→ **Required action**: All that should appear is the line containing "Photograph by Шутов Владимир" and the lines after it in the records below, each reproduced exactly.

→ **Provided entries**:
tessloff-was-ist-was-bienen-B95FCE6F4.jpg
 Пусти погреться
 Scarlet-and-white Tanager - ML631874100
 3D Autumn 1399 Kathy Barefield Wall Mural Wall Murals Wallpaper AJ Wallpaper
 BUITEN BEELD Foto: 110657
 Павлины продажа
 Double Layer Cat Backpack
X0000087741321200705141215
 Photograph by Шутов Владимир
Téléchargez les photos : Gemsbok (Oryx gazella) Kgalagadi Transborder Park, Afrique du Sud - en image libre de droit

→ **Output below**:
 Photograph by Шутов Владимир
Téléchargez les photos : Gemsbok (Oryx gazella) Kgalagadi Transborder Park, Afrique du Sud - en image libre de droit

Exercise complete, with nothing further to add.